Fitch: Asset Sales Still Feasible for Troubled Chinese Homebuilders
This is because sustained demand for residential properties in China continues to support stable home prices and hence, land bank values, which allow for the orderly liquidation of a homebuilder's assets. At the same time, most of the larger homebuilders have strong balance sheets and ample liquidity to buy these assets.
This was most recently demonstrated by Sunac China Holdings Limited's (BB-/Positive) purchase of land from the financially distressed Kaisa Group Holdings Limited. The acquisition of the four projects in Shanghai by Sunac, announced on 30 January 2015, offered Kaisa respite in a relatively short period of time. Kaisa had halted trading in its shares in December 2014 after Shenzhen authorities placed restrictions on the sale of some of its projects, which the company said would have an adverse impact on cash flow. Sunac will pay CNY2.37bn, or an average of CNY6,277 per square metre of sellable area, for the projects.
This transaction shows that it is possible to find buyers for assets in the higher-tier cities, where housing demand remains strong because of urbanisation. This resilient housing demand in higher-tier cities also drove Sunac's decision to form a joint venture with Greentown in 2012.

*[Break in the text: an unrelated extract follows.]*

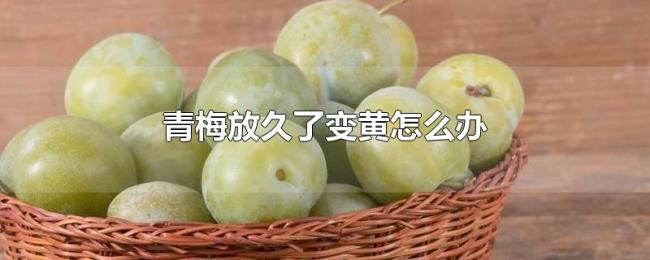 青梅放久了变黄怎么办 青梅放久了变黄怎么办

Financially strong homebuilders have also been trying to add to their land banks via other channels, including negotiating purchases, to skirt the higher prices at competitive government land auctions, especially in higher-tier cities in China. These strategies have emerged as homebuilders try to preserve margins at a time of lacklustre growth in selling prices. The national aggregate residential property selling price increased only 1.4% in 2014, compared with an average annual growth of 7.4% between 2011 and 2013.